A union group has come up with guidelines on what tour guides can charge, a move that has been criticised by the industry.
The National Trades Union Congress' (NTUC) Tour Guide Chapter has outlined the minimum fees for guides, which includes charging $150 for a four-hour, half-day tour, and $250 for a full-day one.
Freelance guides and travel agents The Straits Times spoke to said guides' services are too varied to come under a standard price. The move was "anti-competitive", they said, even though there are no penalties for not following the recommendations.
As of December last year, there were 2,360 licensed tour guides here, such as freelancers and guides employed by travel agencies. They can charge as little as $10 an hour, or up to $180 per hour for someone with specialised knowledge or who speaks multiple languages.
The Straits Times understands the guidelines were set during a meeting on July 10 and took effect this month. The reasons for introducing them are unclear.
Ms Cham Hui Fong, executive secretary of the Attractions, Resorts and Entertainment Union (AREU) that oversees the Tour Guide Chapter, would not confirm the new guidelines.
"Our guides have been sharing their challenges with us, and discussions are ongoing," said Ms Cham, who is also assistant secretary-general of NTUC.
Most industry players do not support the move.
Ms Jean Wang, honorary secretary of the Society of Tourist Guides (Singapore), explained that it was difficult to standardise prices when different markets have varied requirements, a sentiment echoed by travel agents. Some visitors may demand higher service levels, while others may emphasise knowledge and language skills, she said. Time spent on assignments may also vary.

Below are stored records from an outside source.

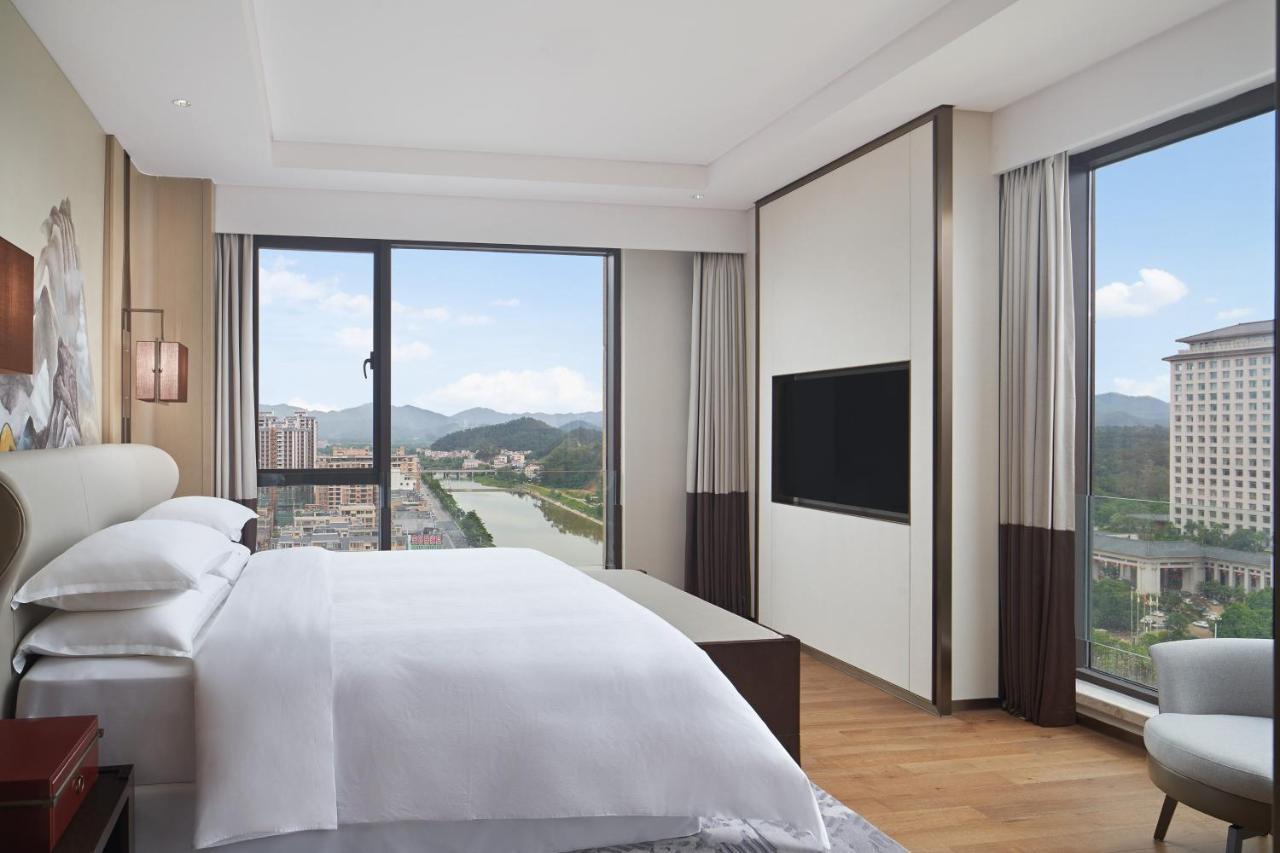 Sheraton Yunfu Xinxing Hotel Екстериор снимка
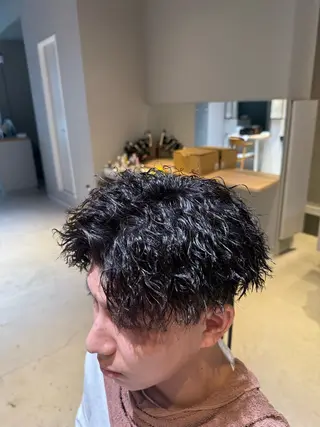 パーマ メンズ 石黒 龍大のヘアスタイル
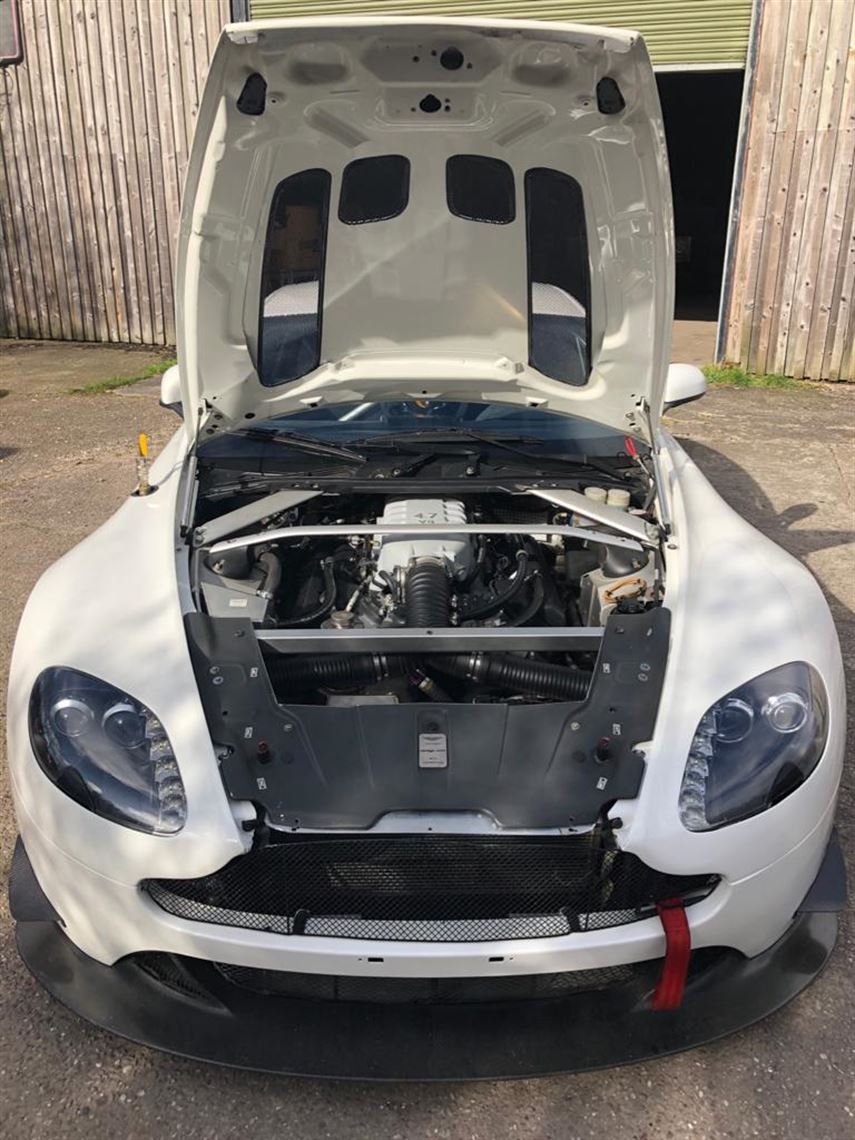 aston-martin-v8-vantage-gt4-093-zero-hours-en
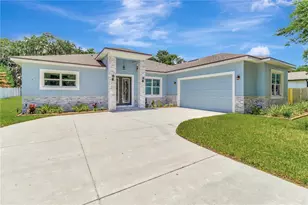 319 Water Shr Dr, Leesburg, FL 34748 - Photo 2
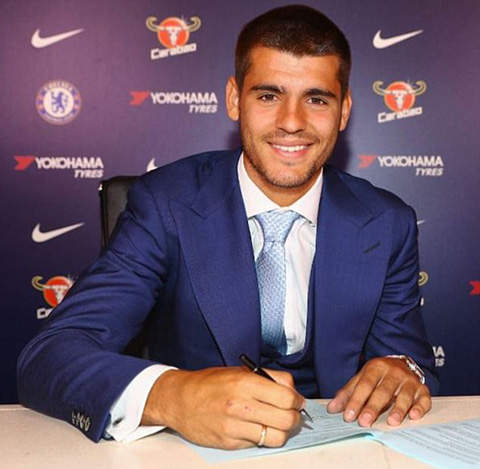 Morata trong buổi họp báo ra mắt Chelsea Morata trong buổi họp báo ra mắt Chelsea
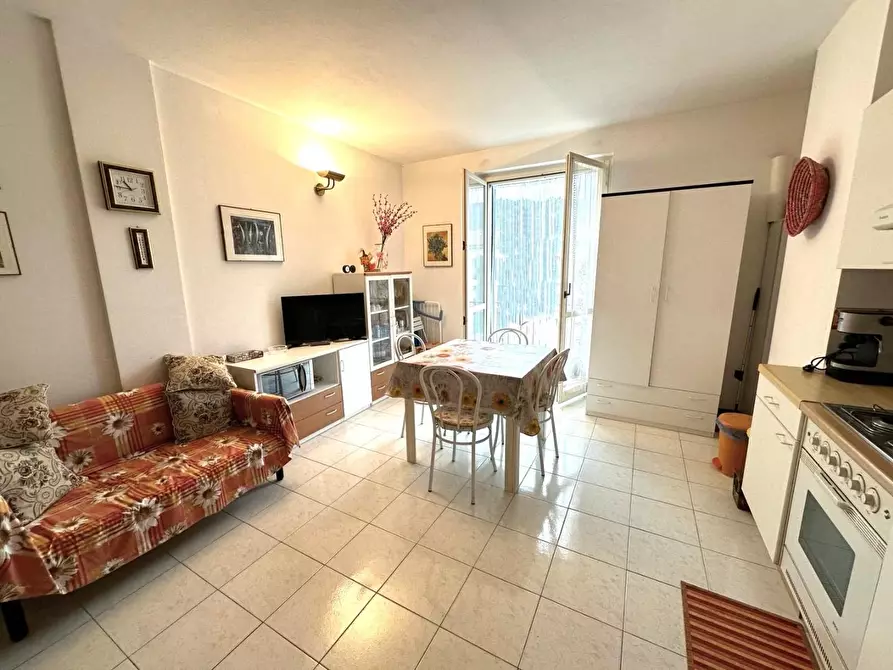 Immagine 5 di Appartamento in vendita  a Ameglia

Ms Alicia Seah, director of marketing communications at Dynasty Travel, added that guidelines are not practical because prices vary according to the type of tour being conducted.
A half-day tour to Sentosa, for instance, may cost less than one to attractions such as the Botanic Gardens or the Peranakan Museum, as the guide has to provide less commentary for the former, she noted.
But freelance guide Leong Pengkun, 54, welcomed them. "Some guides are underpaid because of their age, or they get paid less when they are hired by agencies who want to increase their profit margins, so it would be better if there were standardised fees."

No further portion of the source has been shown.